Willamette Industries, Inc. v. Commissioner., United States Tax Court - Memorandum Decision, T.C. Memo. 1990-339, Docket Nos. 13440-78, 16313-79, 21473-81., Filed July 5, 1990


Willamette Industries, Inc. v. Commissioner.

United States Tax Court - Memorandum Decision

T.C. Memo. 1990-339

Docket Nos. 13440-78, 16313-79, 21473-81.

Filed July 5, 1990.

Charles P. Duffy and Philip N. Jones, 1404 Standard Plaza, Portland, Ore., for the petitioner. Alan Summers, Robert F. Geraghty, and Randall E. Heath, for the respondent.

Supplemental Memorandum Opinion

DRENNEN, Judge: These cases were originally assigned to Special Trial Judge Hu S. Vandervort pursuant to section 7456(d) (redesignated section 7443A(b) by the Tax Reform Act of 1986, Pub. L. 99-514 section 1556, 100 Stat. 2755), and Rules 180, 181, and 183. 1 On September 22, 1987, the Court filed its opinion in these cases (T.C. Memo. 1987-479) and provided decisions would be entered under Rule 155. The parties were unable to agree to the correct tax liability. The cases were subsequently assigned to Special Trial Judge Carleton D. Powell pursuant to section 7443A for hearing under Rule 155. The Court agrees with and adopts the opinion of the Special Trial Judge, which is set forth below.


1 All section references are to the Internal Revenue Code as in effect for the years in issue, unless otherwise noted. All Rule references are to the Tax Court Rules of Practice and Procedure.
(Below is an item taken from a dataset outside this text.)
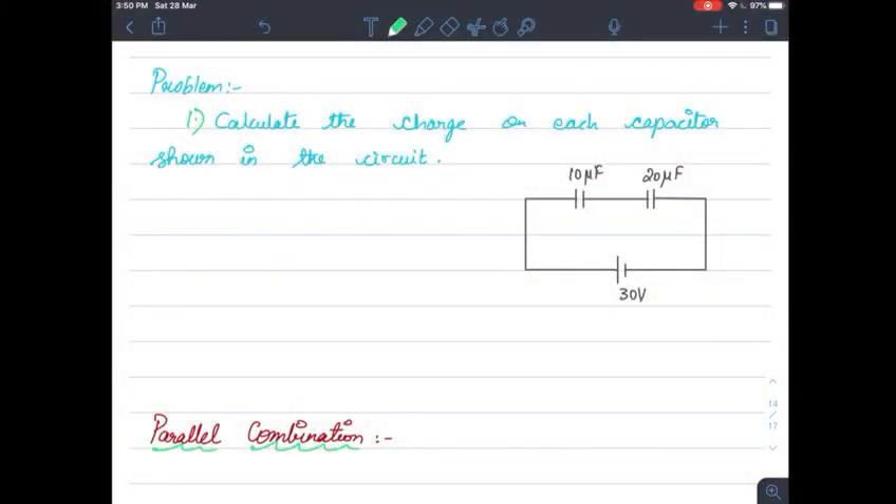Hello friends. Here are some problems related to series combination and we are going to discuss something about parallel combination and other related problems today. Calculate the charge on each capacitor shown in the circuit. This is a circuit in which two capacitors are in series combination connected to a battery of 30 volts. Our aim is to find out the charge on each capacitor.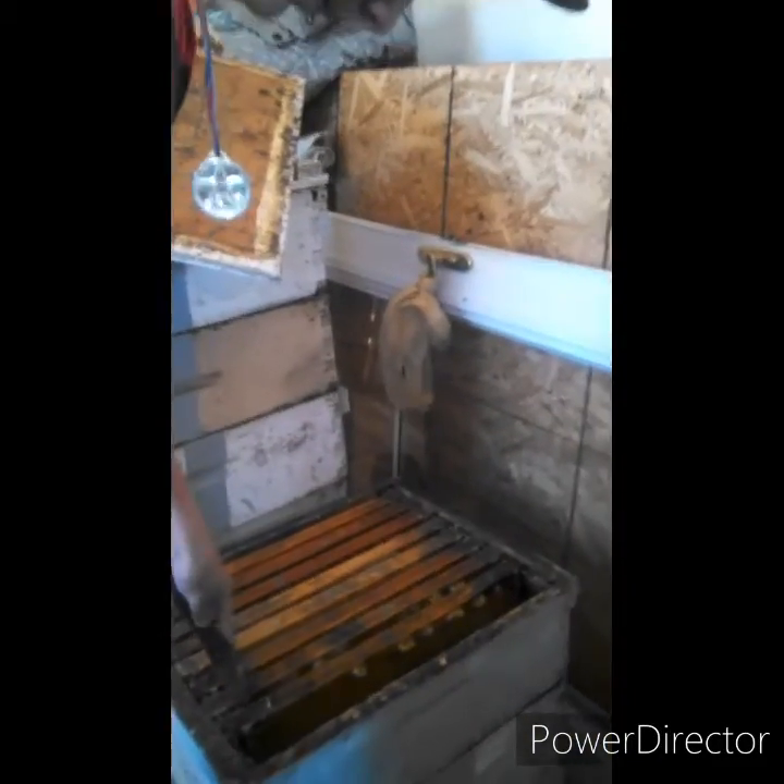And then you put it in this freezer. The reason why we put it in the freezer is — basically, to raise them and help the bees.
Supplemental Memorandum Opinion of the Special Trial Judge

POWELL, Special Trial Judge: At issue in these cases is the fair market value of timber eligible for treatment under section 631(a) for taxable years 1974 to 1977. Petitioner, an Oregon corporation engaged in logging and related activities, harvested the timber in Oregon, Louisiana, and Arkansas. For convenience, references to Louisiana timber will include timber harvested in both Louisiana and Arkansas.

Section 631(a) provides that a taxpayer may elect to treat the cutting of timber as though it were a hypothetical sale or exchange of that timber and, therefore, a taxable event. Prior to the enactment of section 631(a), the entire gain realized from timber cut by a taxpayer was taxed as ordinary gain. Consequently, a taxpayer electing section 631(a) converts what would otherwise be ordinary income into capital gain on the cutting of eligible timber.

The capital gain or loss under section 631(a) is an amount equal to the fair market value of the timber as of the first day of the taxable year in which the timber is cut, less the taxpayer's adjusted basis for depletion of the timber. The fair market value of the cut timber then becomes the new basis of the timber for all purposes in the hands of the taxpayer. The resulting gain or loss qualifies for section 1231 capital gain or ordinary loss treatment, provided the required holding period is met.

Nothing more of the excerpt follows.